> What you are asked to do
Could you copy exactly the lines below, beginning at the line with "Find 3 differences" and stopping after the line with "Wereldkaart - Natuurlijk", with no pictures?

> Data to use
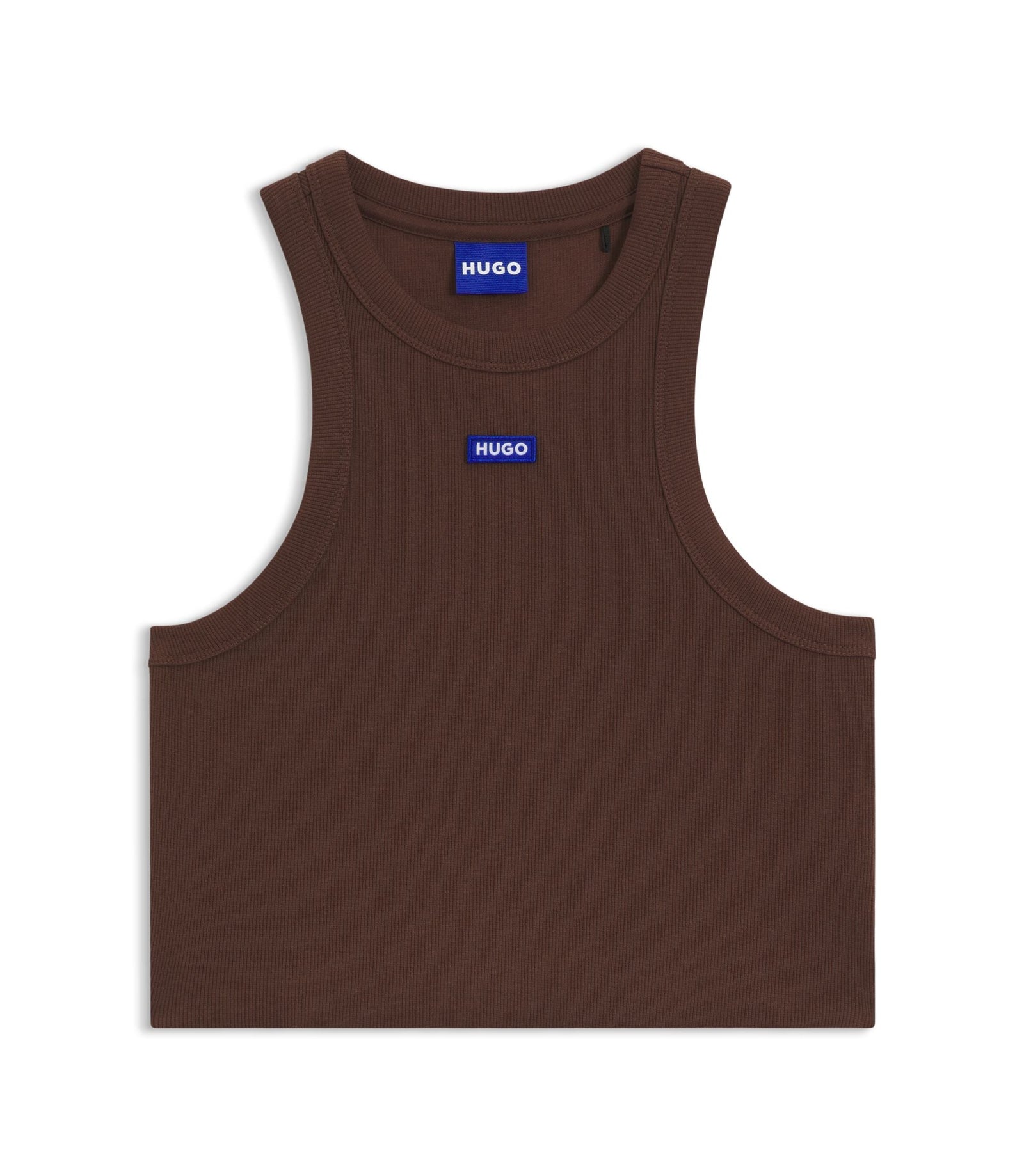 Hugo Cropped Stretch Cotton Tank Top With Blue Logo Label Brown Women's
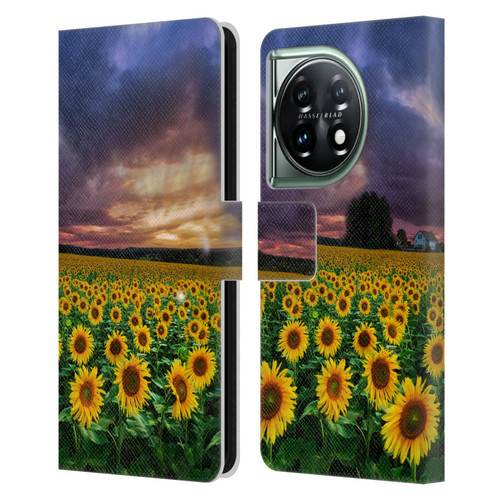 Celebrate Life Gallery Florals Stormy Sunrise Leather Book Wallet Case Cover For OnePlus 11 5G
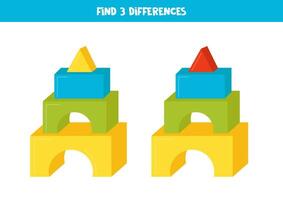 Find 3 differences between two cute cartoon toy pyramid. vector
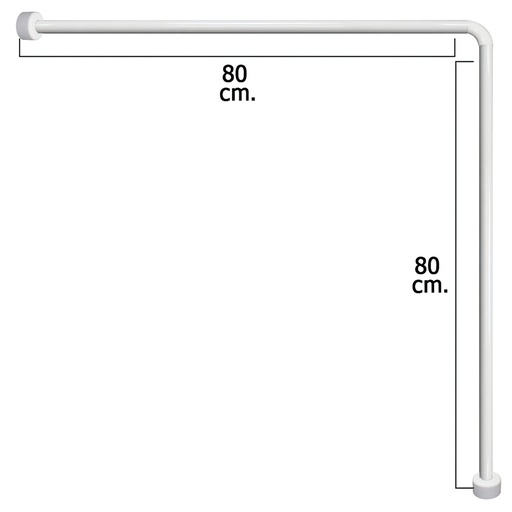[4042200] Barra Para  Cortina Ducha Universal Aluminio Blanco 80x80 cm.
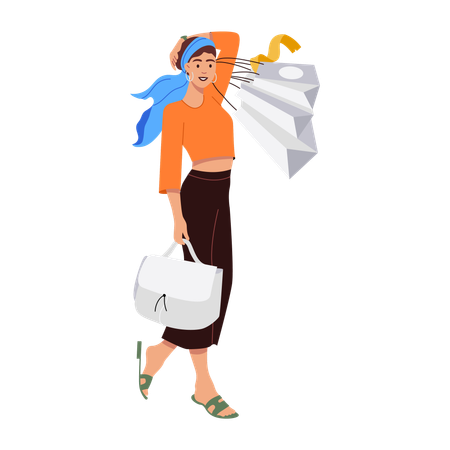 Chica con bolsas de compras  Ilustración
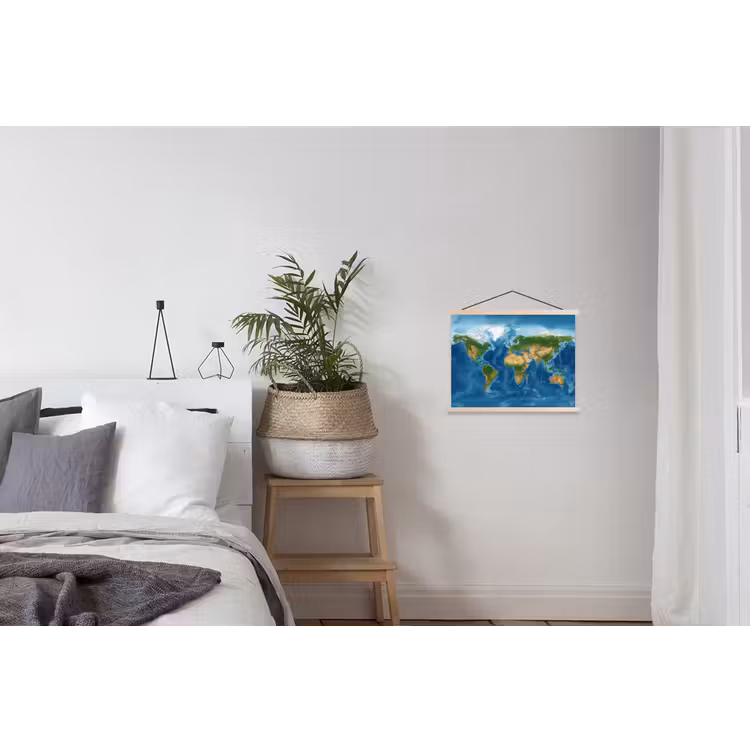 Wereldkaart - Natuurlijk - Levendige kleuren textielposter latten blank klein -woonkamer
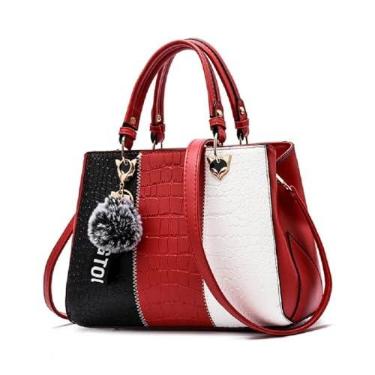 Imagem de Bolsas De Couro Para Senhoras De Grande Capacidade (Vermelho)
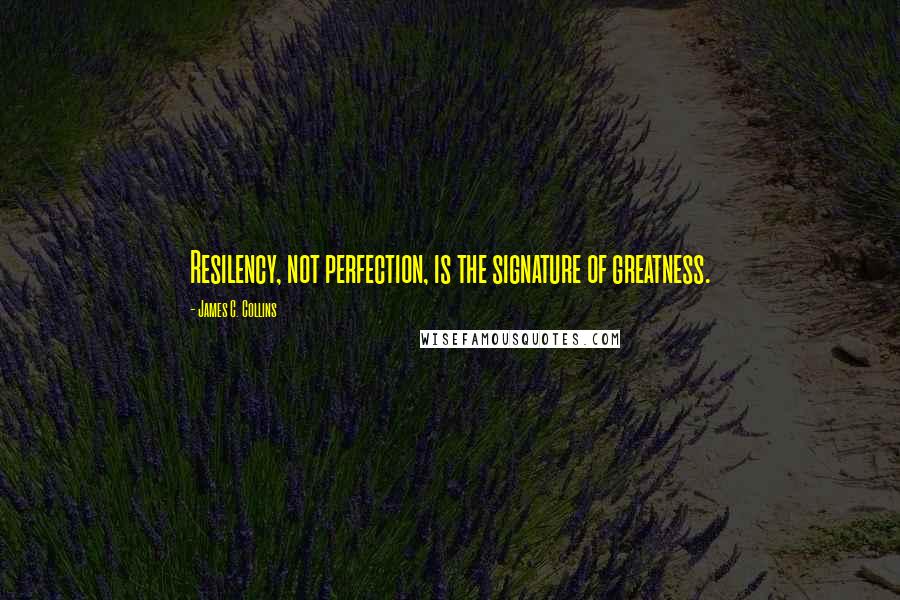 James C. Collins Quotes: Resilency, not perfection, is the signature of greatness.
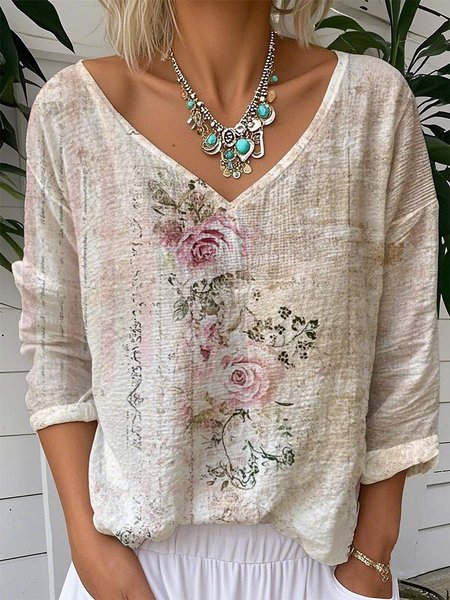 Women's Floral Long Sleeve Tee T-shirt Spring/Fall 3D Printing V Neck Vintage Top, As picture, T-Shirts
Women's Floral Long Sleeve Tee T-shirt Spring/Fall 3D Printing V Neck Vintage Top, As picture, T-Shirts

> Solution
 Find 3 differences between two cute cartoon toy pyramid. vector
[4042200] Barra Para  Cortina Ducha Universal Aluminio Blanco 80x80 cm.
 Chica con bolsas de compras  Ilustración
 Wereldkaart - Natuurlijk - Levendige kleuren textielposter latten blank klein -woonkamer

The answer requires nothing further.